Die aus dem Norden von München stammende Sängerin ist eine „Geschichtensammlerin und eine Bauchmusikern“. So bezeichnet sich die Religionspädagogin selbst. Das heißt, sie beobachtet ihre Umwelt genau und schaut zugleich auch kritisch in sich selbst hinein. Diese Kombination bringt vor allem eines hervor: Lieder mit viel Gefühl. Einen Auszug aus ihrem Debüt-Album „Lust aufs Leben“ stellte sie den Gästen im Bistro D‘Amato vor.

Die Künstlerin singt mit einer kraftvollen und gleichzeitig sanften Stimme und begleitet sich selbst auf der akustischen Gitarre. Dabei blieb Markus Roth in der Rolle des zurückhaltenden Bühnenpartners am Keyboard. Sehr schön füllte der Musiker mit sanfter Improvisation auf seinem Piano die Pausen zwischen Karin Ruckerbauers Liedern. „I mog’s kunterbunt“ heißt ein solcher Song, in dem sich ihre Lust aufs Leben auch auf die Zuschauer übertrug. Ums Wesentliche ging es in dem gefühlvollen „Lied vom Schmetterling“. Die sanfte Ballade ließ sich jedoch beim Geräuschpegel einer Bar zu sehr in den Hintergrund drängen. Nur noch Wortfetzen waren verständlich – schade drum, bei einer Musik, bei der der Textinhalt einen nicht unerheblichen Anteil hat.

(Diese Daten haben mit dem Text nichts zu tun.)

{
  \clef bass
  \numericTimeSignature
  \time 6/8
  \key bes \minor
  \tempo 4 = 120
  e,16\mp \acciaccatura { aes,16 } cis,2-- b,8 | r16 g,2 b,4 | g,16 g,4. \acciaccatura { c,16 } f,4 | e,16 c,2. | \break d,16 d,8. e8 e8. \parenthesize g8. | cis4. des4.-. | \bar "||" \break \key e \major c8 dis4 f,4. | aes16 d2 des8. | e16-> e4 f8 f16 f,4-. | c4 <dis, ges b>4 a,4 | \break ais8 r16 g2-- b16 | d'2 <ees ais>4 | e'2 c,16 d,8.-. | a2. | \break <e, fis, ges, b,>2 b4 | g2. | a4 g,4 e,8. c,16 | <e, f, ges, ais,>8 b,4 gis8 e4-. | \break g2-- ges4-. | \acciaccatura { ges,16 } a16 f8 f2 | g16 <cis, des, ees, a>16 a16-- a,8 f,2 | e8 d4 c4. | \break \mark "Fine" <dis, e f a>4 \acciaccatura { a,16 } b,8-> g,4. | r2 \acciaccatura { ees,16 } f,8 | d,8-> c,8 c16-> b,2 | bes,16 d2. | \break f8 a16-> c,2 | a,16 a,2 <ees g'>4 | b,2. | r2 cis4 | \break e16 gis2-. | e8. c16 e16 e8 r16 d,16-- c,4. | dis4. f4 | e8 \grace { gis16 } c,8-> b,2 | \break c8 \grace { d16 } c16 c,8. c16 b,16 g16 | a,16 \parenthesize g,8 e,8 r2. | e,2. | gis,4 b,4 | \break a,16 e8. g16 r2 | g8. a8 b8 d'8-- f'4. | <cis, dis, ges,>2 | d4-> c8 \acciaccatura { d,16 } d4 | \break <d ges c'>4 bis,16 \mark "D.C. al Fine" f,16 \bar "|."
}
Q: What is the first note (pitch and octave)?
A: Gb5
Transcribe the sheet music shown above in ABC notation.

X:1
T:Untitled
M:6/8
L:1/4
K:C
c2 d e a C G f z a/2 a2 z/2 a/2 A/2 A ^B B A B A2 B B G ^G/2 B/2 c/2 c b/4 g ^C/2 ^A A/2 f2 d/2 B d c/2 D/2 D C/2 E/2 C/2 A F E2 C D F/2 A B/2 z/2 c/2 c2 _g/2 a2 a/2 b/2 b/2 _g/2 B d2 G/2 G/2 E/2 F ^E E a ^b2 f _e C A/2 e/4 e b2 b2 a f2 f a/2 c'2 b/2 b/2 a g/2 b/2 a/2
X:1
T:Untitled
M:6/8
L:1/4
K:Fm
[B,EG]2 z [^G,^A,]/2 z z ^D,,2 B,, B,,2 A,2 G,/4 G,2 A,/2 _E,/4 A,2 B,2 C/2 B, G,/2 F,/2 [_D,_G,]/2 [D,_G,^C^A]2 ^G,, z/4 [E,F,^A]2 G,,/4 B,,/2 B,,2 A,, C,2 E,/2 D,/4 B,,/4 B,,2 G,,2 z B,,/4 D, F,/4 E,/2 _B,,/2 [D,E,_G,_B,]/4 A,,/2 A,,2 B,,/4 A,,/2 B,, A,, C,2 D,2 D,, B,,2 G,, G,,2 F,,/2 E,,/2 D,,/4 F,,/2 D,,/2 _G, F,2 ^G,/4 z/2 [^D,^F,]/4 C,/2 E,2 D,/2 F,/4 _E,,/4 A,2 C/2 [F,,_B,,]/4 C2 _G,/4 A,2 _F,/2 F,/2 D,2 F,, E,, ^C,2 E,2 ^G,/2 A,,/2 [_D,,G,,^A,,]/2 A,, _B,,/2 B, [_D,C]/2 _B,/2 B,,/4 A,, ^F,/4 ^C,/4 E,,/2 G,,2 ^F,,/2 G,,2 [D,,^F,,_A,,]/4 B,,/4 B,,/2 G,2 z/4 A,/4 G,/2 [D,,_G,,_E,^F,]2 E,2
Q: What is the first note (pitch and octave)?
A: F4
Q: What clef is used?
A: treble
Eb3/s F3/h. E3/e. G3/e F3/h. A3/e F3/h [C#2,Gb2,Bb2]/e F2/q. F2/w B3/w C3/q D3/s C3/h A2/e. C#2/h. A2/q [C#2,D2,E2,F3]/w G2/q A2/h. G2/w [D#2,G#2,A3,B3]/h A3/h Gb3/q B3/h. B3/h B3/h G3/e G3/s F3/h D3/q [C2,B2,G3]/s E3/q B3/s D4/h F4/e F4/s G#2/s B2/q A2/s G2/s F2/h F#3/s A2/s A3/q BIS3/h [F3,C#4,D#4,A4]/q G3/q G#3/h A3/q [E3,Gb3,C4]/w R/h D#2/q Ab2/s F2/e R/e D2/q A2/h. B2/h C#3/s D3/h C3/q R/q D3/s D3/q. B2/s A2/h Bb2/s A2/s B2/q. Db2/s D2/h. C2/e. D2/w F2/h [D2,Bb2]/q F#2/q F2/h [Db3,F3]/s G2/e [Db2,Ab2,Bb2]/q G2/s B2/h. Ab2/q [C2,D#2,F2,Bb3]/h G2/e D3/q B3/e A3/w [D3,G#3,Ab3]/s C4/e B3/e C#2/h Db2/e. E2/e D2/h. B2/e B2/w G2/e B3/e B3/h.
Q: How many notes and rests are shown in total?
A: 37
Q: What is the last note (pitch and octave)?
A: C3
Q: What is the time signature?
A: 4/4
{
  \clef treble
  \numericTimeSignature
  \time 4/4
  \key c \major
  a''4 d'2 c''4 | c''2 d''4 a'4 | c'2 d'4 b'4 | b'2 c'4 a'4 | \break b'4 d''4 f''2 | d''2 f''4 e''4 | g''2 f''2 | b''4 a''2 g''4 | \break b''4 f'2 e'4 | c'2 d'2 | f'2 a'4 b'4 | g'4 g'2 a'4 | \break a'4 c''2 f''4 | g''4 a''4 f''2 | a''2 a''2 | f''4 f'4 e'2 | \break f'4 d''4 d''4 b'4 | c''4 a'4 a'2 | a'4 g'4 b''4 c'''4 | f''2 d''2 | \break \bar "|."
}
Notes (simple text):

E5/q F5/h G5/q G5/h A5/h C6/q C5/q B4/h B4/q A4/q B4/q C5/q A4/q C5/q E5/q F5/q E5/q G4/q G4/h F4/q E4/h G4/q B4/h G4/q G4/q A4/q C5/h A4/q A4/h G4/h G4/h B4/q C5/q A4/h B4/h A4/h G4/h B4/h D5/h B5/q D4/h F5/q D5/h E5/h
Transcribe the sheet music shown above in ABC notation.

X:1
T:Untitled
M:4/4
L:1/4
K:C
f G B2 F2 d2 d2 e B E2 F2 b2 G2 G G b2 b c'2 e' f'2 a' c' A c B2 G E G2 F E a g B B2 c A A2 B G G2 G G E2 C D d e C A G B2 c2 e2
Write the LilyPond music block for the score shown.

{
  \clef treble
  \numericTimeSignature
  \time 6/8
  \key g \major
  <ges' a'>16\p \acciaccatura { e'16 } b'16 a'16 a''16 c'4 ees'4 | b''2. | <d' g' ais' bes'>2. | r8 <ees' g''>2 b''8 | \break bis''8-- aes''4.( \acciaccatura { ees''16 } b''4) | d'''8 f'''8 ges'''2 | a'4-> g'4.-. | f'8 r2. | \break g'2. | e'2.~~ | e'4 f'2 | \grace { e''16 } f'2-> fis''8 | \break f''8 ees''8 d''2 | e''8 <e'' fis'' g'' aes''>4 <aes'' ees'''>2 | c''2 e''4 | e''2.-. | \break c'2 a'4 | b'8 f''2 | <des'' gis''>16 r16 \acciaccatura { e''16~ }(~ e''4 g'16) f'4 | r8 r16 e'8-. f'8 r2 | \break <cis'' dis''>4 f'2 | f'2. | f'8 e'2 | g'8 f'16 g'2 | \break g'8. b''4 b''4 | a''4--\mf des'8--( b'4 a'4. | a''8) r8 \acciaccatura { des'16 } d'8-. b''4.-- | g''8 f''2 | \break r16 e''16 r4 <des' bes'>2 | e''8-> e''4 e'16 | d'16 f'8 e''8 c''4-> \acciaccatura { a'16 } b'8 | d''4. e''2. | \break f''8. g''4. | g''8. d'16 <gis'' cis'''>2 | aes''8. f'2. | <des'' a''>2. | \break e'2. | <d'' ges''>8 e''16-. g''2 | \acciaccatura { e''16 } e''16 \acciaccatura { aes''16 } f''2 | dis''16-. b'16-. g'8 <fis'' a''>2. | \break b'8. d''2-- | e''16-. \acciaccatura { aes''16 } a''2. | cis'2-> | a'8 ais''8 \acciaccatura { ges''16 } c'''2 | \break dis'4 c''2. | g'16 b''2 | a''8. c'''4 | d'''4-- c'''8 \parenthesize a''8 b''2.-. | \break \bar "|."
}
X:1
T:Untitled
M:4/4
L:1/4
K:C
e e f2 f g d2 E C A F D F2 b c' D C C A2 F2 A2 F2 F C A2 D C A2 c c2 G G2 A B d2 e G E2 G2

Die Liebe zum Rock 'n' Roll kam über Georg Kostyas BR-Sendung „Aus meiner Rocktasche“

Das bemerkte auch Markus Roth. Als ehemaliger Straßenmusiker weiß er, wie er die Zuhörer wieder in den Griff bekommt. Heute verdient Roth seinen Unterhalt als Sozialpädagoge, der sich in Dachau um die Obdachlosen kümmert. Die Liebe zum Rock 'n' Roll fand er über Georg Kostyas BR-Sendung „Aus meiner Rocktasche“, die 33 Jahre lang bis 2005 lief. Überraschend verstarb der bekannte Moderator im Alter von 75 Jahren erst kürzlich im Januar.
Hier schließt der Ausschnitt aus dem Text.